I'm not sure if my proof works here,
Given that $gH \leq G$,
$gH$ is a left coset of $H$. Now, the only way to make sure that $gH \leq G$ is that if $gH = H$ (since we already know $H \leq G$), in which case $g$ must be in $H$.
Given that $g \in H$ and that $H \leq G$,
we know that $g * h \in H$ for all $h \in H$. In other words, $gH = H$. And therefore $H = gH \leq G$.
On
"$\Leftarrow$" is fine.
For "$\Rightarrow$" your proof isn't clear on why the only way for $gH\leq G$ to happen is if $gH=H$, so let's prove it. If $gH\leq G$ for some $g\in G$, then the identity element $e$ is in $gH$, so $e=gh$ for some $h\in H$, so in fact we have $g=h^{-1}$ for some $h\in H$, so $g\in H$.
Hope this helps.
Why?
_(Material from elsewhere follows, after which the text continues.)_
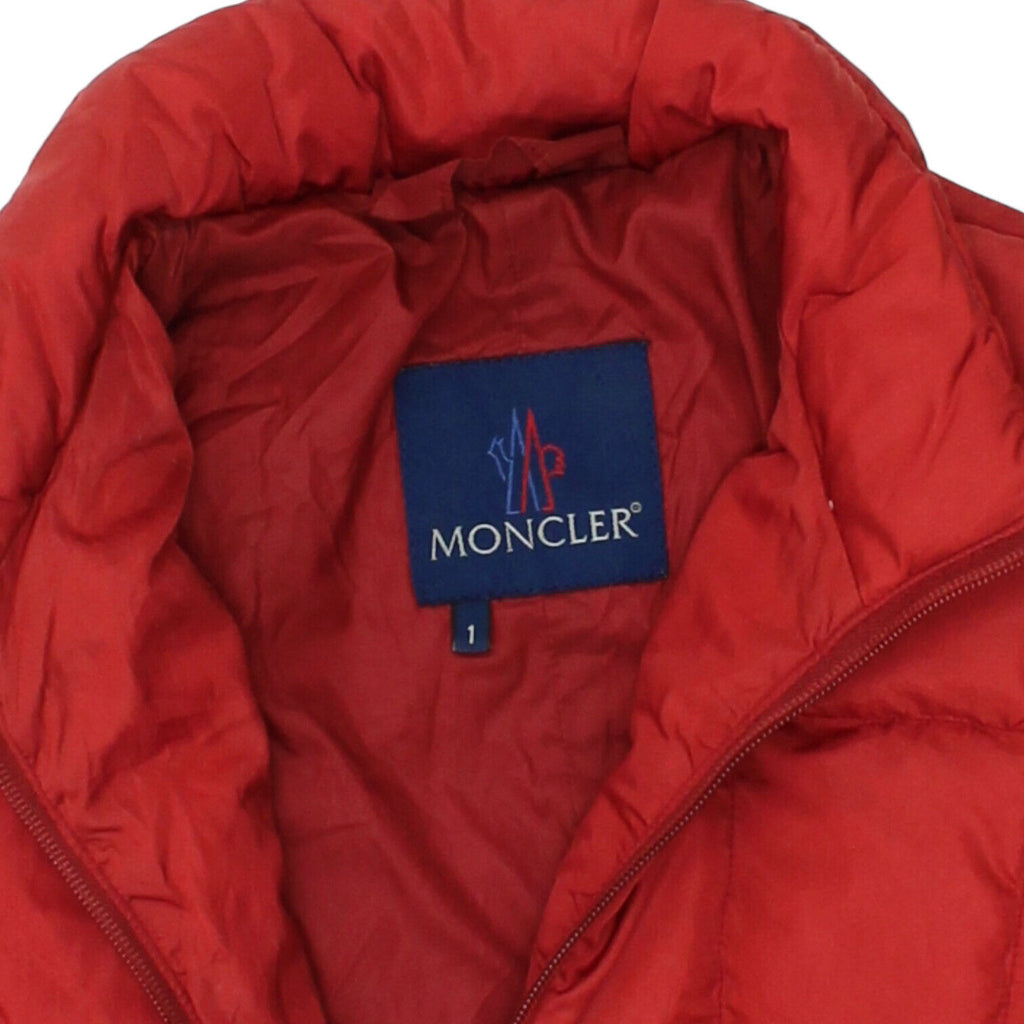 Moncler Womens Long Red Nylon Zip Up Padded Coat | Vintage Designer Puffer VTG | Vintage Messina Hembry | Thrift | Second-Hand Messina Hembry | Used Clothing | Messina Hembry 
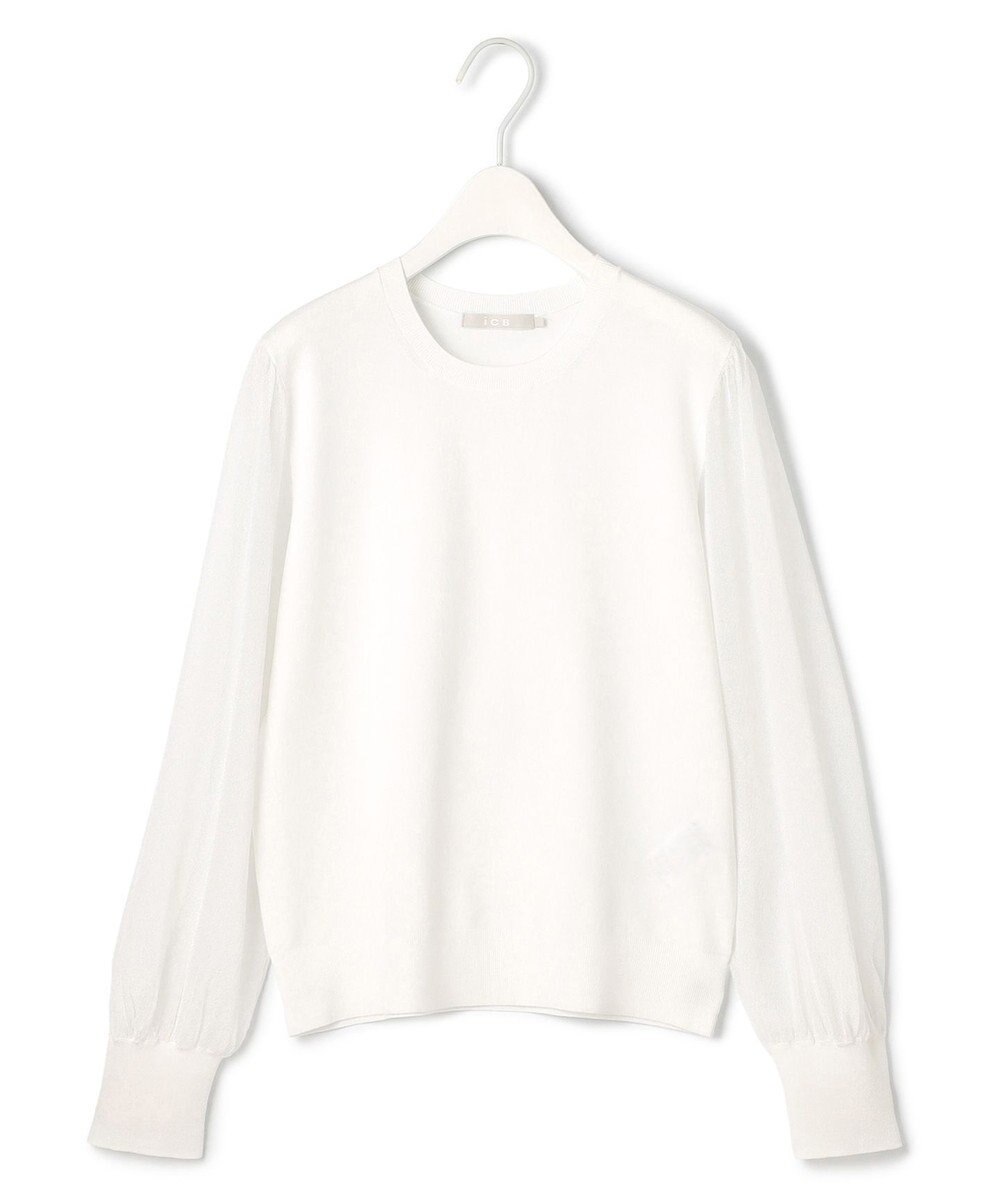 ICB L 【洗える】クロスコンビ シアースリーブニット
And how is that related to the fact that $H\leq G$? That's not enough.
The proper explanation would be: assume that $gH$ is a subgroup of $G$. In particular the neutral element $e\in gH$, i.e. $e=gh$ for some $h\in H$. Therefore $g$ is the inverse of $h$ and thus $g\in H$.
The other implication looks fine to me.